START Available records

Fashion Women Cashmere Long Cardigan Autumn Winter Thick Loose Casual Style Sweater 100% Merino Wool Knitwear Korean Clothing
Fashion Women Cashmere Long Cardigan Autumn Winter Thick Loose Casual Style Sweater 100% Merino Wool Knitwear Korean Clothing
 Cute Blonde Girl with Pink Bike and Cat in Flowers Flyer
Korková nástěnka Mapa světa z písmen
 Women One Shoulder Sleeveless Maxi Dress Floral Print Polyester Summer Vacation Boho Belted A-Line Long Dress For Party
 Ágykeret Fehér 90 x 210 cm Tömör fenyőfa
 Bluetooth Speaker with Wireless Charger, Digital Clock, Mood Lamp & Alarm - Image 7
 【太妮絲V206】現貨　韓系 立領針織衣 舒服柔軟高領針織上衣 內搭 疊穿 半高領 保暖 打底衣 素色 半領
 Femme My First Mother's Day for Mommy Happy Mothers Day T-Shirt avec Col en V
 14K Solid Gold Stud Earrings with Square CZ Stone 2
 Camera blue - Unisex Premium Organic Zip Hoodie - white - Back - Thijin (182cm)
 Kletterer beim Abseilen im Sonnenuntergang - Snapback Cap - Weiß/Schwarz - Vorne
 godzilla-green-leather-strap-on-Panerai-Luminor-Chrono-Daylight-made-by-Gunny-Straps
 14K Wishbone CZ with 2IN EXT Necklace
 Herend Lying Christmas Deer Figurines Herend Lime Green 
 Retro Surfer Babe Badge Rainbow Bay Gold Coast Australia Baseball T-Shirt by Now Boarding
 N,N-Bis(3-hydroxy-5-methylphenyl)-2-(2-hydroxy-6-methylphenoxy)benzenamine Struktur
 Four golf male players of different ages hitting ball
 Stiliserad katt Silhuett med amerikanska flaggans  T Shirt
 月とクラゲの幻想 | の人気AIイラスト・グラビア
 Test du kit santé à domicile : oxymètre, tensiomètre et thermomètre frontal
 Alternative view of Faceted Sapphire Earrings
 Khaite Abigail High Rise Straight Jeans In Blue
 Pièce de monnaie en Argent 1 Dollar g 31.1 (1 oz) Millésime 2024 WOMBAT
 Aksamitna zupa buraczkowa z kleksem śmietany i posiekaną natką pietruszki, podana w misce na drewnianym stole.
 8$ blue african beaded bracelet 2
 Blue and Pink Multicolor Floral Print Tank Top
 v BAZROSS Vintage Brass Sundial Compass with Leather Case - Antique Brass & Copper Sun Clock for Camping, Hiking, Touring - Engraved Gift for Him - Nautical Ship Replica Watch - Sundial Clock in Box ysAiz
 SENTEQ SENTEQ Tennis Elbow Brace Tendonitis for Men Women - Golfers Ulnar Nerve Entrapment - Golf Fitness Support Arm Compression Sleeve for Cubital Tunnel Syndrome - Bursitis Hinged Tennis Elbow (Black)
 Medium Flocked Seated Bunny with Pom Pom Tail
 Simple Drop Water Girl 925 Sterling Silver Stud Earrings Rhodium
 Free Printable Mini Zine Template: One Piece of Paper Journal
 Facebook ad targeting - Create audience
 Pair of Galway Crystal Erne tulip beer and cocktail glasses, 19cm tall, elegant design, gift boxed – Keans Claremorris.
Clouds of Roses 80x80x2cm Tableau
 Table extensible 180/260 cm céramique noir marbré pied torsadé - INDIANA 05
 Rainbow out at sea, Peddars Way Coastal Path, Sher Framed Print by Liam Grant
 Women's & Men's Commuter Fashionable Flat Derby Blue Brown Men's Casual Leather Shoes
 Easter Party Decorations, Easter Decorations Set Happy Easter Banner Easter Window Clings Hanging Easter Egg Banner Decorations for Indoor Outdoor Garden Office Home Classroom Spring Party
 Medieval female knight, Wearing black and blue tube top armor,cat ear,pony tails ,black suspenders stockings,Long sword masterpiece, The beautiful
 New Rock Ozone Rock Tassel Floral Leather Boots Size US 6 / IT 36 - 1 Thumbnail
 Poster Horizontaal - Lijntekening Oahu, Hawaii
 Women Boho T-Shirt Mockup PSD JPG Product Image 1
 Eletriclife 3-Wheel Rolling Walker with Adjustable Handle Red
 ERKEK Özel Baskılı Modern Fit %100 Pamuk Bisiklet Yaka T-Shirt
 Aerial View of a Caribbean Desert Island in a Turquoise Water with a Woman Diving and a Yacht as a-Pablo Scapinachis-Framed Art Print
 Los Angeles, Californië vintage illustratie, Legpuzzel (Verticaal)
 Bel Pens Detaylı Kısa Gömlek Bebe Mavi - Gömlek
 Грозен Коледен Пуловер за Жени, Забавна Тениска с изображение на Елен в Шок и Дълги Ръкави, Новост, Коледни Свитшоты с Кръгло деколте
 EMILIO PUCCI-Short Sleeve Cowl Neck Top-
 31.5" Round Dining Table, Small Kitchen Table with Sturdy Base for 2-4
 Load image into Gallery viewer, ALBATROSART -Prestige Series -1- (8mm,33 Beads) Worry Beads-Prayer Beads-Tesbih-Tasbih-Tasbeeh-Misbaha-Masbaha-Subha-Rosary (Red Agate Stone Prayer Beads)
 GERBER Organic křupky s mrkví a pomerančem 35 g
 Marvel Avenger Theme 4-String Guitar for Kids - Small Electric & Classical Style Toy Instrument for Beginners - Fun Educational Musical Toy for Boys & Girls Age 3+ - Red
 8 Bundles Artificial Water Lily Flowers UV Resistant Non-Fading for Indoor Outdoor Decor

END Available records

Having gone through the data above, repeat it exactly.

Fashion Women Cashmere Long Cardigan Autumn Winter Thick Loose Casual Style Sweater 100% Merino Wool Knitwear Korean Clothing
Fashion Women Cashmere Long Cardigan Autumn Winter Thick Loose Casual Style Sweater 100% Merino Wool Knitwear Korean Clothing
 Cute Blonde Girl with Pink Bike and Cat in Flowers Flyer
Korková nástěnka Mapa světa z písmen
 Women One Shoulder Sleeveless Maxi Dress Floral Print Polyester Summer Vacation Boho Belted A-Line Long Dress For Party
 Ágykeret Fehér 90 x 210 cm Tömör fenyőfa
 Bluetooth Speaker with Wireless Charger, Digital Clock, Mood Lamp & Alarm - Image 7
 【太妮絲V206】現貨　韓系 立領針織衣 舒服柔軟高領針織上衣 內搭 疊穿 半高領 保暖 打底衣 素色 半領
 Femme My First Mother's Day for Mommy Happy Mothers Day T-Shirt avec Col en V
 14K Solid Gold Stud Earrings with Square CZ Stone 2
 Camera blue - Unisex Premium Organic Zip Hoodie - white - Back - Thijin (182cm)
 Kletterer beim Abseilen im Sonnenuntergang - Snapback Cap - Weiß/Schwarz - Vorne
 godzilla-green-leather-strap-on-Panerai-Luminor-Chrono-Daylight-made-by-Gunny-Straps
 14K Wishbone CZ with 2IN EXT Necklace
 Herend Lying Christmas Deer Figurines Herend Lime Green 
 Retro Surfer Babe Badge Rainbow Bay Gold Coast Australia Baseball T-Shirt by Now Boarding
 N,N-Bis(3-hydroxy-5-methylphenyl)-2-(2-hydroxy-6-methylphenoxy)benzenamine Struktur
 Four golf male players of different ages hitting ball
 Stiliserad katt Silhuett med amerikanska flaggans  T Shirt
 月とクラゲの幻想 | の人気AIイラスト・グラビア
 Test du kit santé à domicile : oxymètre, tensiomètre et thermomètre frontal
 Alternative view of Faceted Sapphire Earrings
 Khaite Abigail High Rise Straight Jeans In Blue
 Pièce de monnaie en Argent 1 Dollar g 31.1 (1 oz) Millésime 2024 WOMBAT
 Aksamitna zupa buraczkowa z kleksem śmietany i posiekaną natką pietruszki, podana w misce na drewnianym stole.
 8$ blue african beaded bracelet 2
 Blue and Pink Multicolor Floral Print Tank Top
 v BAZROSS Vintage Brass Sundial Compass with Leather Case - Antique Brass & Copper Sun Clock for Camping, Hiking, Touring - Engraved Gift for Him - Nautical Ship Replica Watch - Sundial Clock in Box ysAiz
 SENTEQ SENTEQ Tennis Elbow Brace Tendonitis for Men Women - Golfers Ulnar Nerve Entrapment - Golf Fitness Support Arm Compression Sleeve for Cubital Tunnel Syndrome - Bursitis Hinged Tennis Elbow (Black)
 Medium Flocked Seated Bunny with Pom Pom Tail
 Simple Drop Water Girl 925 Sterling Silver Stud Earrings Rhodium
 Free Printable Mini Zine Template: One Piece of Paper Journal
 Facebook ad targeting - Create audience
 Pair of Galway Crystal Erne tulip beer and cocktail glasses, 19cm tall, elegant design, gift boxed – Keans Claremorris.
Clouds of Roses 80x80x2cm Tableau
 Table extensible 180/260 cm céramique noir marbré pied torsadé - INDIANA 05
 Rainbow out at sea, Peddars Way Coastal Path, Sher Framed Print by Liam Grant
 Women's & Men's Commuter Fashionable Flat Derby Blue Brown Men's Casual Leather Shoes
 Easter Party Decorations, Easter Decorations Set Happy Easter Banner Easter Window Clings Hanging Easter Egg Banner Decorations for Indoor Outdoor Garden Office Home Classroom Spring Party
 Medieval female knight, Wearing black and blue tube top armor,cat ear,pony tails ,black suspenders stockings,Long sword masterpiece, The beautiful
 New Rock Ozone Rock Tassel Floral Leather Boots Size US 6 / IT 36 - 1 Thumbnail
 Poster Horizontaal - Lijntekening Oahu, Hawaii
 Women Boho T-Shirt Mockup PSD JPG Product Image 1
 Eletriclife 3-Wheel Rolling Walker with Adjustable Handle Red
 ERKEK Özel Baskılı Modern Fit %100 Pamuk Bisiklet Yaka T-Shirt
 Aerial View of a Caribbean Desert Island in a Turquoise Water with a Woman Diving and a Yacht as a-Pablo Scapinachis-Framed Art Print
 Los Angeles, Californië vintage illustratie, Legpuzzel (Verticaal)
 Bel Pens Detaylı Kısa Gömlek Bebe Mavi - Gömlek
 Грозен Коледен Пуловер за Жени, Забавна Тениска с изображение на Елен в Шок и Дълги Ръкави, Новост, Коледни Свитшоты с Кръгло деколте
 EMILIO PUCCI-Short Sleeve Cowl Neck Top-
 31.5" Round Dining Table, Small Kitchen Table with Sturdy Base for 2-4
 Load image into Gallery viewer, ALBATROSART -Prestige Series -1- (8mm,33 Beads) Worry Beads-Prayer Beads-Tesbih-Tasbih-Tasbeeh-Misbaha-Masbaha-Subha-Rosary (Red Agate Stone Prayer Beads)
 GERBER Organic křupky s mrkví a pomerančem 35 g
 Marvel Avenger Theme 4-String Guitar for Kids - Small Electric & Classical Style Toy Instrument for Beginners - Fun Educational Musical Toy for Boys & Girls Age 3+ - Red
 8 Bundles Artificial Water Lily Flowers UV Resistant Non-Fading for Indoor Outdoor Decor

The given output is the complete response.